Instruments on the Mars Exploration Rovers
- Panoramic camera for determining the mineralogy, texture, and structure of the local terrain.
- Miniature Thermal Emission Spectrometer for identifying promising rocks and soils for closer examination and for determining the processes that formed Martian rocks.
- Mossbauer Spectrometer for close-up investigations of the mineralogy of iron-bearing rocks and soils.
- Alpha Practice X-Ray Spectrometer for close-up analysis of the abundances of elements that make up rocks and soils.
- Magnets for collecting magnetic dust particles.

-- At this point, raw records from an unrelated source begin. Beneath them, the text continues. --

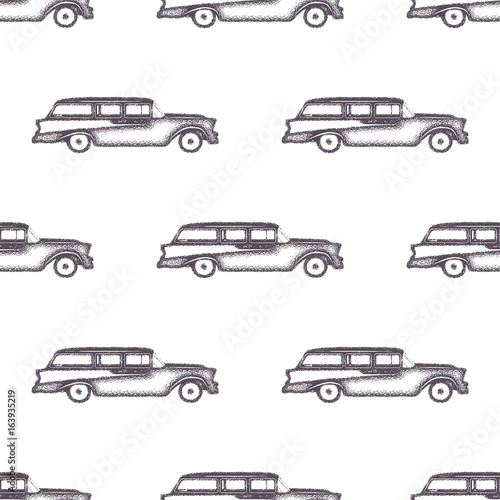 Surfing old style car pattern design. Summer seamless wallpaper with surfer van. Monochrome combi car design. Vector illustration. Use for fabric printing, web projects, t-shirts or tee designs.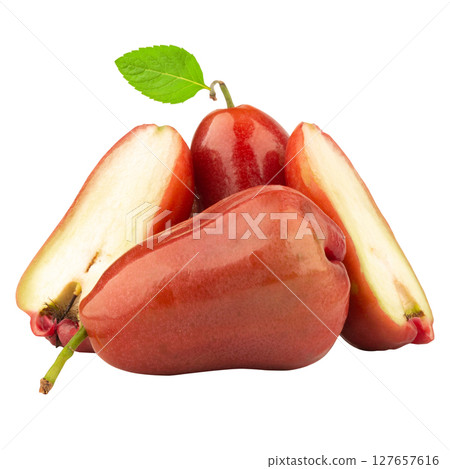 rose apple slice piece on white fruit rose apple slice piece on white fruit 127657616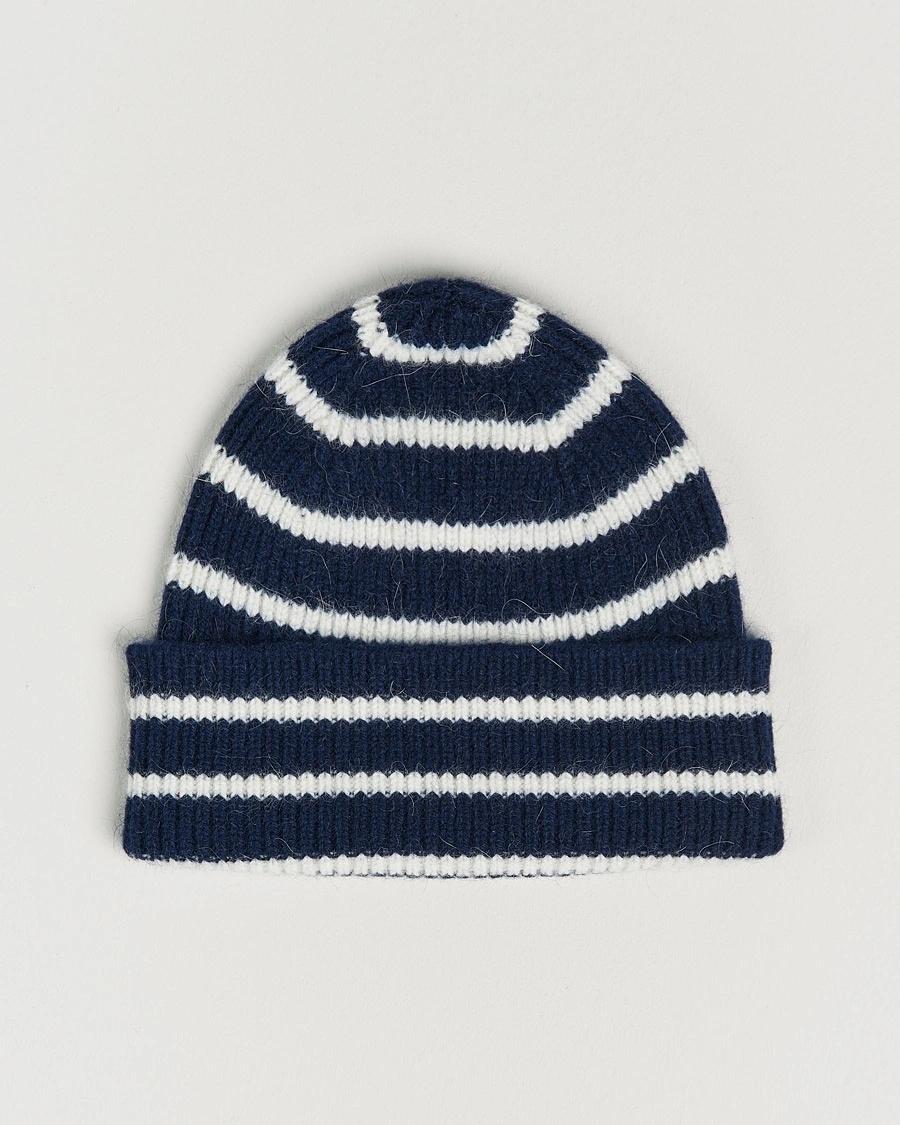 Le Bonnet Lambswool/Caregora Beanie Midnight Stripe – Bleu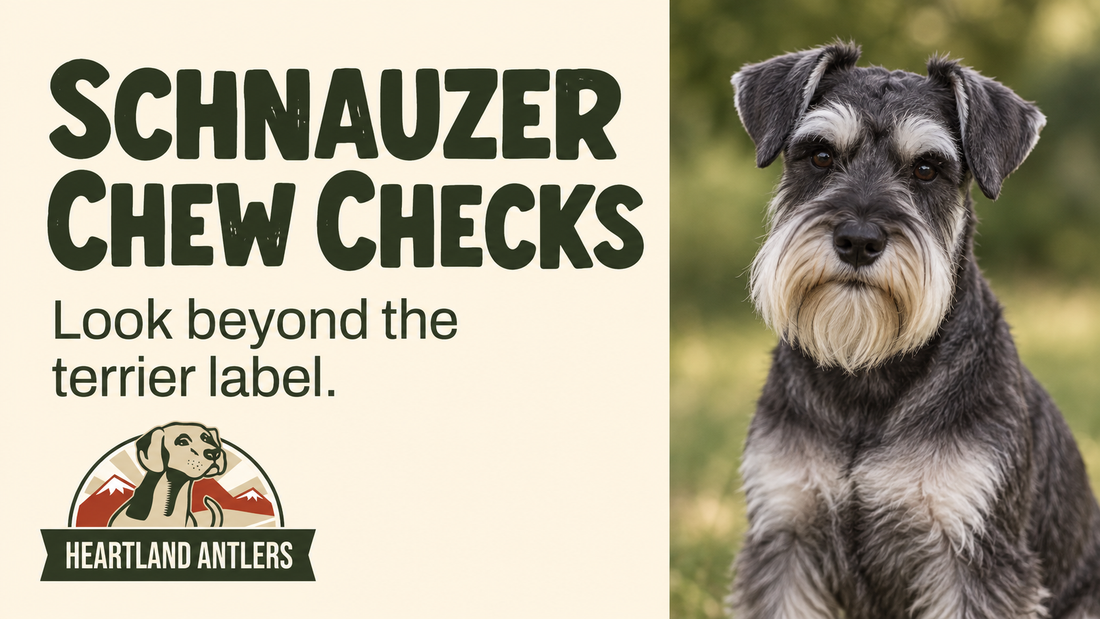 Adult Miniature Schnauzer beside individual chew assessment guidance.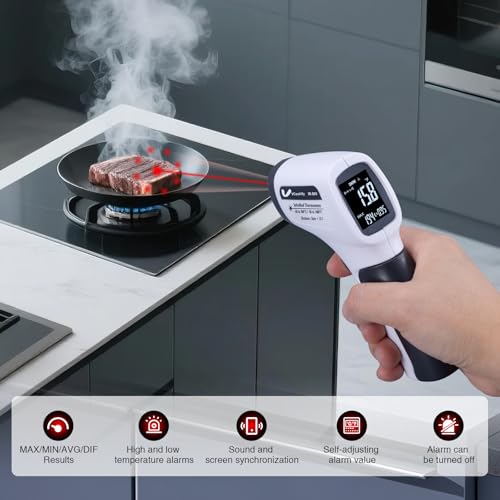 Temperature Gun for Meat,Automotive Infrared Thermometer Gun with Ring Laser DS12:1,Digital Thermal Gun with Adjustable Emissivity&High/Low Alarm,-58~1400℉IR Temp Gun for Engine,Brakes&HVAC - color: Gray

- Microscopic Imager for obtaining close-up, high-resolution images of rocks and soils.
- Rock Abrasion Tool for removing dusty and weathered rock surfaces and exposing fresh material for examination by instruments onboard.
Other rovers on Mars
- Another NASA rover called Curiosity, which arrived on Mars in 2012, continues its work on the Martian surface, collecting soil samples to analyze them for signs of organic compounds.
- NASA’s InSight spacecraft, the first robotic lander designed to study the deep interior of a distant world, touched down safely on the surface of Mars in November, with instruments to detect planetary seismic rumblings never measured anywhere but Earth.
- InSight and the next Mars rover mission, scheduled for 2020, are both seen as precursors for eventual human exploration of Mars.
Other missions on Mars:
- Mars Atmosphere and Volatile Evolution (MAVEN) mission was developed to study the Martian atmosphere while orbiting Mars. it was launched in 2013.
- In September 2014, MAVEN reached Mars and was inserted into an areocentric elliptic orbit 6,200 km (3,900 mi) by 150 km (93 mi) above the planet’s surface.
- NASA announced that data from MAVEN shows that the deterioration of Mars’ atmosphere increases significantly during solar storms.
Mission Goals include determining how the planet’s atmosphere and water, presumed to have once been substantial, were lost over time.
Four scientific objectives of MAVEN
- Determine the role that loss of volatiles to space from the Martian atmosphere has played through time.
- Determine the current state of the upper atmosphere, ionosphere, and interactions with the solar wind.
- Determine the current rates of escape of neutral gases and ions to space and the processes controlling them.
- Determine the ratios of stable isotopes in the Martian atmosphere.
- The Mars Orbiter Mission (MOM), also called Mangalyaan, It was launched on 5 November 2013 by the Indian Space Research Organisation(ISRO).
- Marking India’s first venture into the interplanetary space, MOM will explore and observe Mars surface features, morphology, mineralogy and the Martian atmosphere.
- Further, a specific search for methane in the Martian atmosphere will provide information about the possibility or the past existence of life on the planet.
- It is India’s first interplanetary mission and it made it the fourth space agency to reach Mars, after Roscosmos, NASA, and the European Space Agency.
- India is the first Asian nation to reach Mars orbit, and the first nation in the world to do so in its first attempt.
- The primary objective of the mission is to develop the technologies required for designing, planning, management and operations of an interplanetary mission.
- The secondary objective is to explore Mars’ surface features, morphology, mineralogy and Martian atmosphere using indigenous scientific instruments.
The scientific objectives deal with the following major aspects:
- Exploration of Mars surface features by studying the morphology, topography and mineralogy
- Study the constituents of Martian atmosphere including methane and CO2 using remote sensing techniques
- Study the dynamics of the upper atmosphere of Mars, effects of solar wind and radiation and the escape of volatiles to outer space
The mission would also provide multiple opportunities to observe the Martian moon Phobos and also offer an opportunity to identify and re-estimate the orbits of asteroids seen during the Martian Transfer Trajectory.